The will to purity intensifies from a sense of loss that is haunting a society that is on a decline. It is a defence against decline and decomposition. In fact, a society afflicted by a sense of decay looks out for victims in our powerless and enact the ritual of purity on them. In some way, women like others that are deemed as impure in society suffer what may be called sacrificial violence. This is why perhaps the twenty-first century India looms ahead of us as a spectral scene of mean violence of all shades and colour. We seem to be struck by the fear of contamination and are in search of a pure nation. At the same time, we enjoy a libidinal drive for the pleasure of inflicting pain, humiliation and death on those that are considered as impure ones. Women are the worst victims of this cultural fascism that is afflicting us all. We have the challenge to trace emancipative responses to our imagined dirty world. We have the ethical imperative to reassert the in-between zone where we all Indians belong and have our life and being. We have to find and befriend the Indian in us. We are Goans, Punjabis, Telugus, Tamils or Brahmins, Kshatriyas, Vaishyas etc., but not Indians. We need to allow the Indian in us blossom again. being Indian is always in an in-between condition along with other Indians. There are multiple and divergent ways of being Indians.
This rebellion against the will to purity has to be natural for Christians. This does not mean that Christians are not free from their enslavement to the will to purity. The condition of Indian Christian women is far from being any different from our society. Therefore, Christians like other Indians also have the common challenge to seek emancipative response to the cult of purity that is collectively afflicting us. We are all worshipping at the altar of imagined purities of all shades and colours. Jesus who rebelled against the excesses of will to purity in Judaism can become a great inspiration to Indian Christians to generate an emancipative response that will not just bring dignity and freedom to Indian Christian women but all other women as well as other victims of our enslavement to will to purity. Indeed, we Christians have to respond to the prophetic call from our context today and work to generate a Gospel-centric response to the condition of women and those deemed impure in our country.

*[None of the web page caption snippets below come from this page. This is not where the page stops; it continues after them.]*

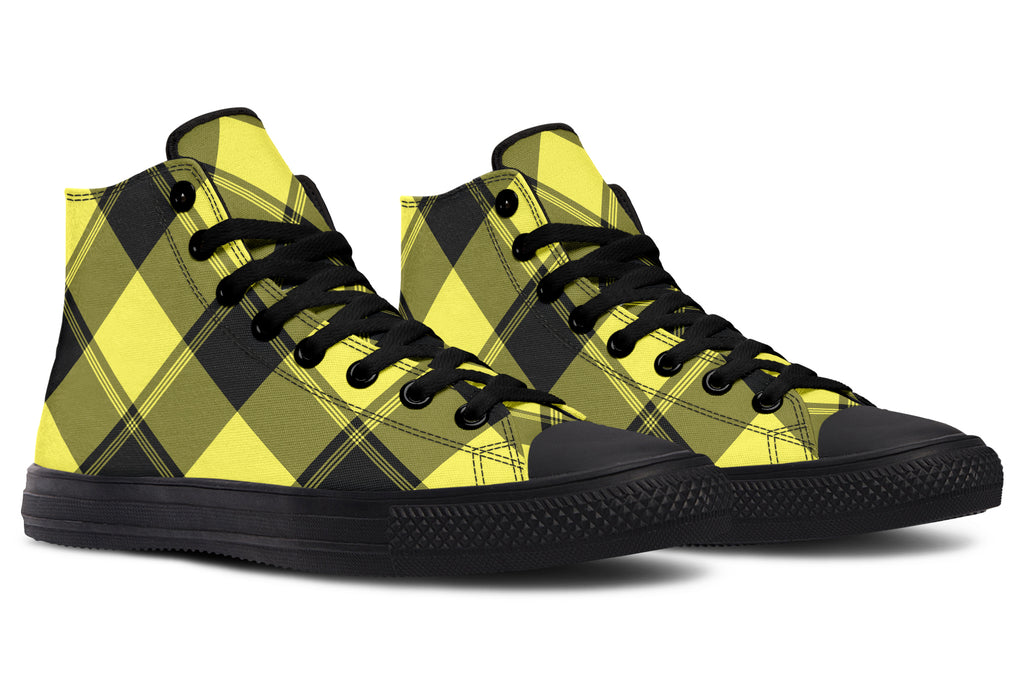 Sunny Yellow Plaid High Tops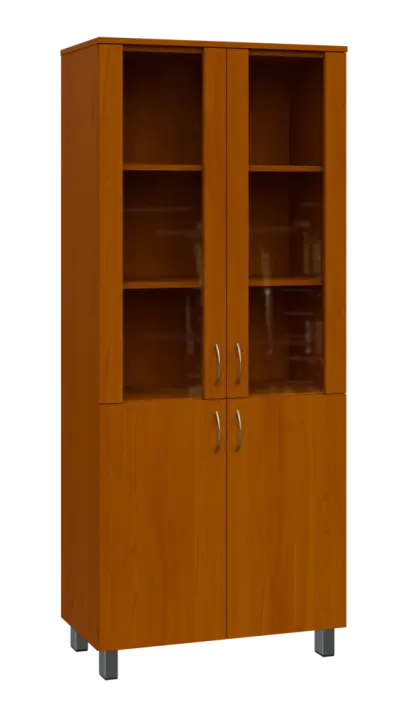 SN 5 - 8DS kancelářská skříň, 4-dveřová/prosklená, 1876x800x400, třešeň šumavská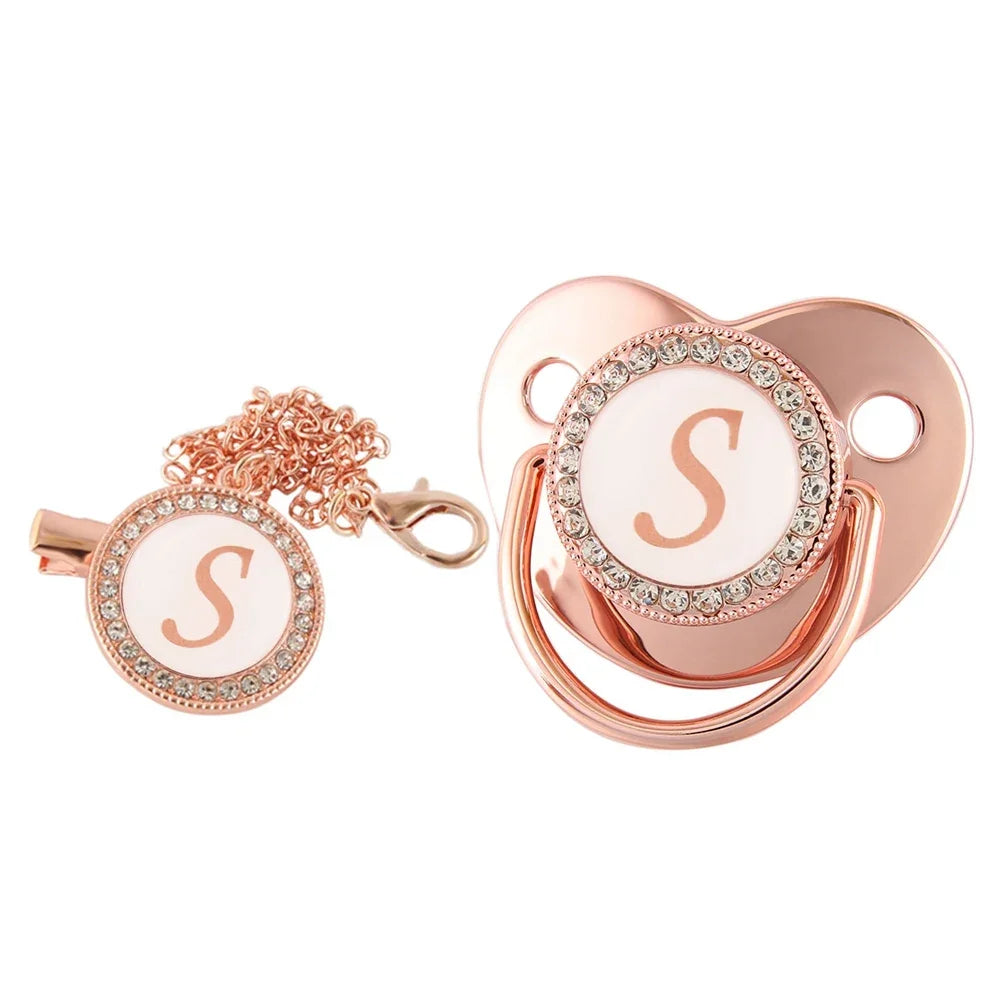 Rose Gold Letter Pacifier Clip with Silicone Soother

Although Indian Christians are best placed to bring a theologico-moral response to condition of women in our country, it would not be possible without other Indians of Goodwill. This is why Indian Christians have to not just avail of the resources from their Christian tradition but align with other Indians and traditions in India to bring about a Gospel-culture encounter that will open ways of breaking the enslaving shackles of will to purity. In this effort, great Indian traditions like Buddhism, Jainism Vedanta etc., might be of great assistance. This means Indian Christians has the challenge to read the signs of the times and trace the seed of Gospels already germinating in cultures and traditions of India. This will open us to the in-between zone that is central to the triune God of Christianity. Perhaps, it will enable us to work to actualize the salubrious perichoretic space of the Holy Trinity in our society. The violence against women cannot be countered with violence. It will intensify the spiral of violence. What we need is a prophetic affirmation of our deepest being as being in-between that is made in the image and likeness of God. Let us live our inter-being with every Indian.